**DATA SHOWN**:
· · · · ·

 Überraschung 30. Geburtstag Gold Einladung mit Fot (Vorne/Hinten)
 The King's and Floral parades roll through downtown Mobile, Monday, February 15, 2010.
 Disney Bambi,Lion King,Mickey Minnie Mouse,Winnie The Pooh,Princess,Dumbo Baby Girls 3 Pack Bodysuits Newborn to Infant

· · · · ·

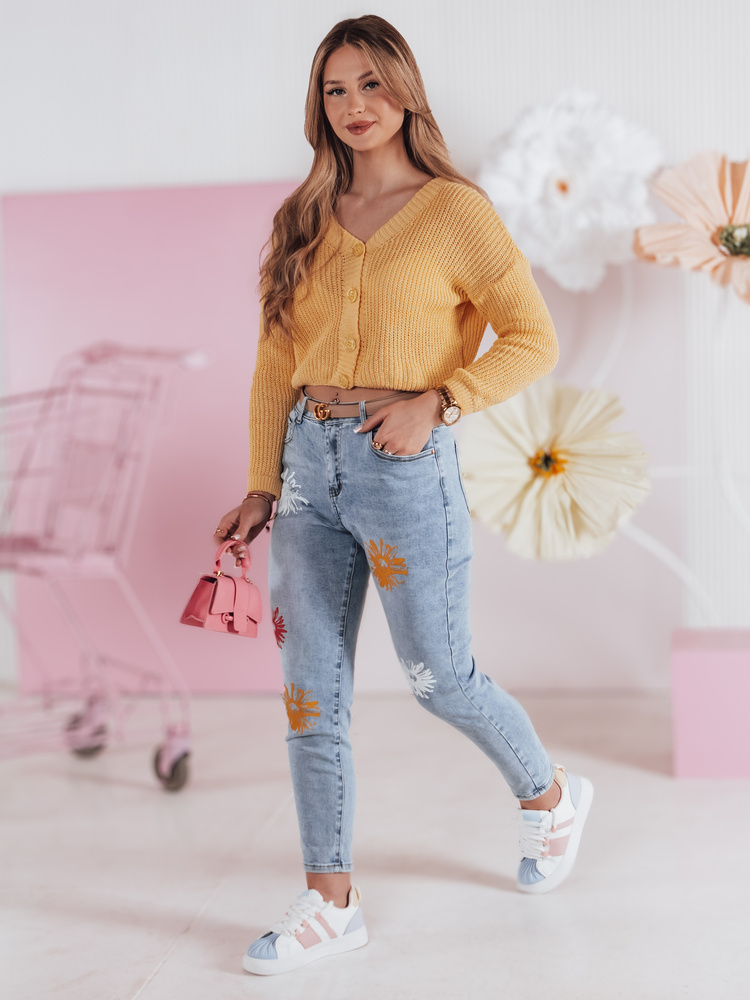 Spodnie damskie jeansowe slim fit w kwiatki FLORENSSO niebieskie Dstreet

· · · · ·

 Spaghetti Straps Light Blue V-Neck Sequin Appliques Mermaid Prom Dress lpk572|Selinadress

· · · · ·

**ABOUT THIS EXERCISE**: Could you restate, word for word, the lines above from the one with "Überraschung 30. Geburtstag" to the one with "Disney Bambi,Lion King,Mickey", both included?

**EXERCISE RESPONSE**:
 Überraschung 30. Geburtstag Gold Einladung mit Fot (Vorne/Hinten)
 The King's and Floral parades roll through downtown Mobile, Monday, February 15, 2010.
 Disney Bambi,Lion King,Mickey Minnie Mouse,Winnie The Pooh,Princess,Dumbo Baby Girls 3 Pack Bodysuits Newborn to Infant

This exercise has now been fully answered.